What is a product team?
A product team is a collaborative, cross-disciplined group of individuals that work to achieve the common goal of creating a great digital experience. In other words, they come together to create software (or applications) with a high level of polish. These teams rely on the collective talent of each person to achieve the following:
- Understand the business needs
- Conduct user and competitor research
- Consult stakeholders on the product strategy
- Manage the roadmap and work
- Design flows / screens to test and iterate upon
- Write content for the experience
- Develop the frontend and backend
- Test the experience for bugs, accessibility, and compliance
- Create the required assets for go-to-market
- Provide support for maintenance
This list isn’t exhaustive! Successfully launching a digital product may require a range of different activities depending on the project. It’s a big lift getting any digital product up and running.
Are product teams cross-disciplined?
The product team’s superpower is cross-functionality. Having several different roles collaborating on a project brings necessary diversity of skills, experience, and perspective to deliver the product. With product teams, you want to avoid homogeneity.
Product teams can come in all different shapes and sizes, but there are a few key roles that should be on the roster.

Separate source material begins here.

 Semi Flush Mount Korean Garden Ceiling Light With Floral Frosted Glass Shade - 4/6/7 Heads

You’ll find each of these specialties represented: product managers, designers, developers, and test engineers.
👉 Learn more about the roles on a product team
Because each of these individuals contributes a unique function that is essential to the process, there is little to no hierarchy within these teams. However, teams are typically kept accountable by product managers.

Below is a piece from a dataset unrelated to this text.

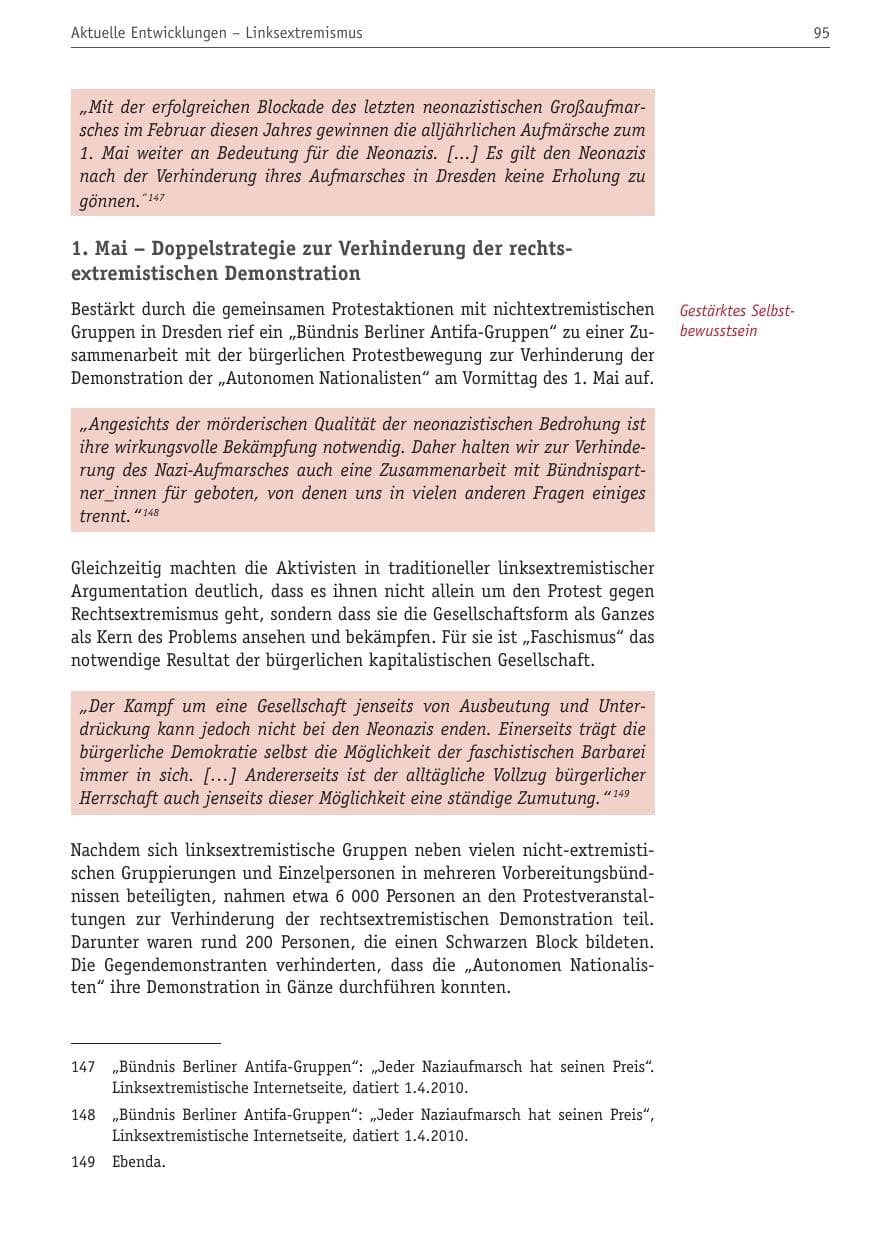 Seite 106 des Verfassungsschutzbericht 2010 Berlin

To conceptualize the significance and value of each individual on the team, consider the well-known “car parts” analogy. In a car, every last part serves a specific purpose to make the car function correctly.
Without one piece working, the entire machine can break down completely. Similarly to cars, our product teams are complex, yet well-oiled machines. All the members of the team provide a certain expertise and collaborate to produce a truly amazing final product.
Why should you keep product teams small?
Product teams are best kept small to get work done as quickly and effectively as possible. With our many years of experience in digital product development, we’ve realized it is important to keep it that way. For us, the sweet spot is around 4-10 people.
Jeff Bezos contributes some of his success to the “2 Pizza Rule” - making sure the group is always small enough to be fed with only 2 pizzas. Why is small best? A part of the reason is that communication breaks down as teams grow larger.
One-on-one communication is most effective. There is a single, direct line of communication used to get the message across. As your team grows larger, there are more lines of communication to disseminate the message along. It often becomes more difficult, costly and inconvenient to get everyone on the same page the bigger the group is.
The biggest consequence of a breakdown in communication is the knowledge gap that occurs between members of a disconnected team. Without the ability to quickly ask questions or directly debrief one another on issues that arise, team members can be left with a broken understanding of the work they are responsible for.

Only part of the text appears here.